On the cybersecurity front, Ruth Porat, executive vice president and chief financial officer at Morgan Stanley, said businesses must come together to address the threat of spies, thieves and hackers as it poses a “broad problem” to such an interconnected industry. Smaller entities could be more at risk than larger financial institutions that are able to allocate substantial resources to safeguarding their own networks. The problem, as Porat explained, is that attacks could come from anywhere, and weak links in the system could still pose a threat to larger institutions, no matter how secure.

Bob Diamond, founder and CEO of Atlas Merchant Capital, provided more of a global perspective on the promise of technology in emerging markets. He discussed the development and potential of cloud-based services and the role financial technology can play in developing nations “where so many people are underbanked.”

The panel also focused on the Dodd-Frank Act and discussed how the industry will evolve under all the regulatory changes taking place. Former Sen. Chris Dodd, an author of the law and now chairman and CEO of the Motion Picture Association of America, said time will tell whether Dodd-Frank accomplishes what it was originally intended to do. He said that changes will be made to the law due to the overall size of the bill, but remained adamant that the U.S. should take the lead in implementing regulations in response to the financial crisis as “a lot of the problems were created here.”

Pressed on what he would have done differently in crafting the act, the former senator said he would have consolidated the Commodity Futures Trading Commission and the Securities and Exchange Commission, in addition to addressing housing finance reform and bankruptcy laws.

Porat pointed out the importance of the central clearing provisions for financial derivatives under Dodd-Frank, though expressing concern that more risk is moving to clearinghouses, some of which have governance and risk issues themselves.
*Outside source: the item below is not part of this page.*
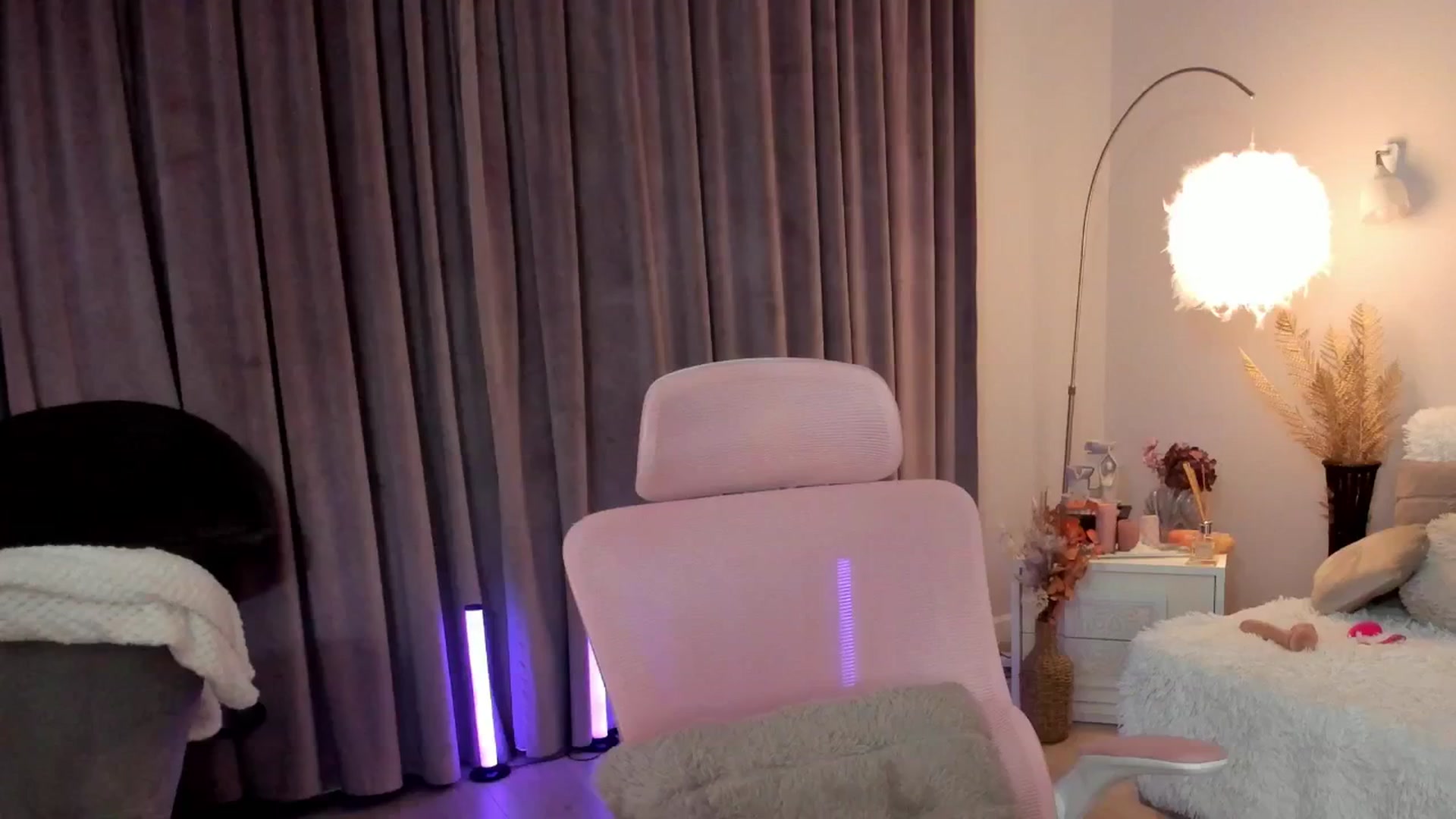 Gallery image thumbnail from Angieerosee's myfreecams stream on, 09/15/2025, 23:46 image 8 of 20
Three other areas of concern listed by Porat were products moving to the shadow-banking sector, the dramatic growth of student lending, and Fannie Mae and Freddie Mac.

Diamond said European banks “haven’t shown much” in increasing capital reserves and deleveraging. It could take a number of years to restructure European Union banks before “we see them in the same position as U.S. banks,” he said.

On the evolution of the finance industry, Tom Milroy, CEO of BMO Capital Markets, said the sector “will change moderately” as firms will adopt differentiating business models in response to financial regulation. Banks will focus more on reducing costs and determining where to allocate capital given the current environment. Banks need to ensure they’re compliant with the letter and spirit of the regulations, he said, to prevent damage to the reputation of the bank and the industry as a whole, he said.